3b-ii) Western Australia is resource rich. It has all kinds of minerals imaginable, and also lots of gas and oil field not opened. Hearsays are the government will tender some of these out gradually over the next 20 years, so sustained growth is a given according to many in western Australia. This partly explain 3b-i. Also, because of China's insatiable appetite for resources to fuel its own growth, Australia remains a key partner to China, especially western Australia.
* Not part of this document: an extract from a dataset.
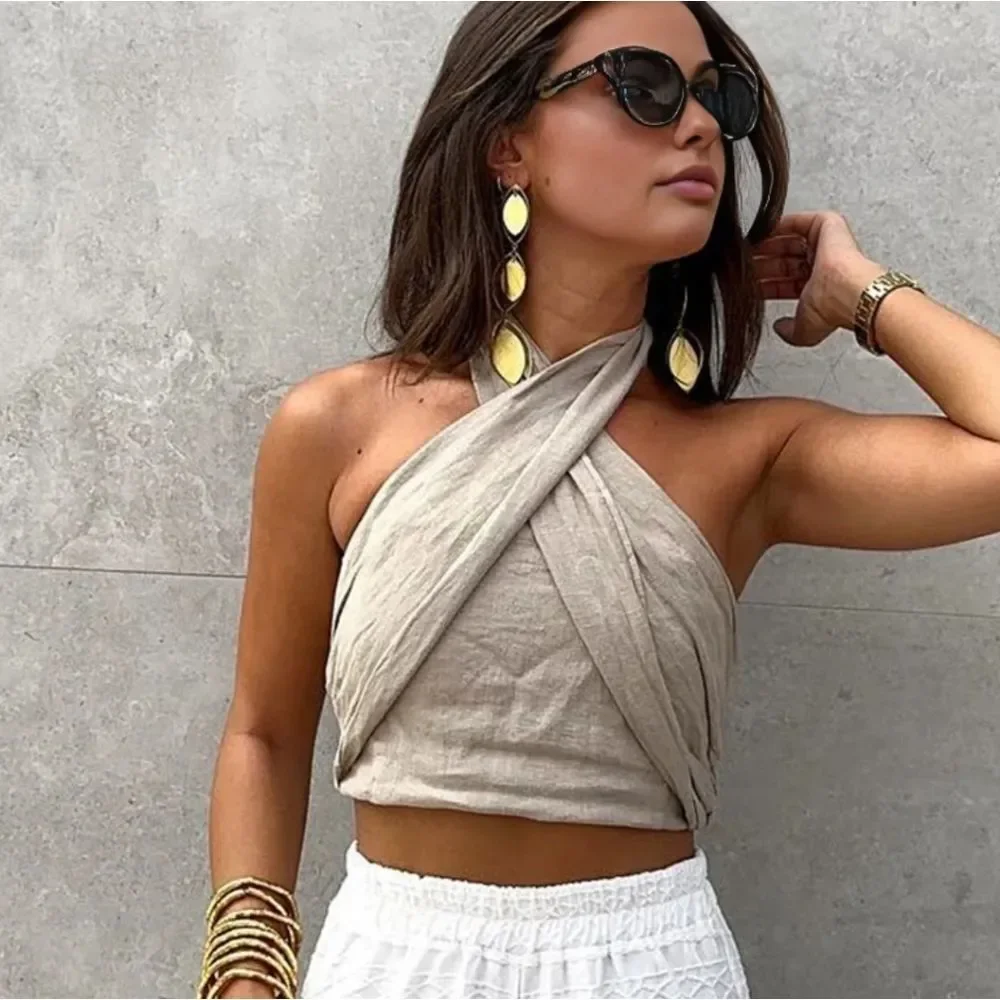 Commense Cotton And Linen Crisscross Halter Tank Top In Khaki Size Xs - Picture 8 of 11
3b-iii) There have been lobbies by businesses in western Australia to get the state government to approve longer retail hours and also store openings on Sundays. The law still forbid this on certain trades to do so. This seems an oxymoron elsewhere. Even if it didn't happen this year or next, it will happen sooner than later. I think this is a forgone conclusion. So, the retail scene in Perth can only get better, imo. Here in Melbourne, there are already 24 hrs shopping like Kmart and Macdonalds. My fave roast pork noodle shop open for supper till 3am. http://www.watoday.com.au/wa-news/last-chance-push-for-extended-shopping-hours-20090929
4. At the macro level, property investors in Australia can do no wrong of late. The population explosion & strong economic outlook contributed to the continuous performance growth here. I think it is what prompted Starhill Global to take the plunge in the DJ building in Perth. DJ the department store will not go away. A quick research tells me that DJ has the tenure at the DJ building in Perth signed till 2032. So, it is quite solid in that respect.
5. So, that's all my 2 aussie cents , or 2.6 SGP cents worth. Hope it helps. As I said, if you plan to hold on to Starhill Global for a while, it may be worth the investment. If you are looking for a quick gain, it may not work to your advantage.
This is a friend I can trust.
So now, with my FA on the Malaysian and Australian properties settled, I think I will still go ahead with my purchase. My target entry price will be 51 cents now as it appears that Starhill is unwilling to break the double support to reach the previous low and 200 MA at 50 cents.
However, I might have to weigh my options between this and Cambridge REIT as well as Cambridge is currently offering a higher yield of around 12%.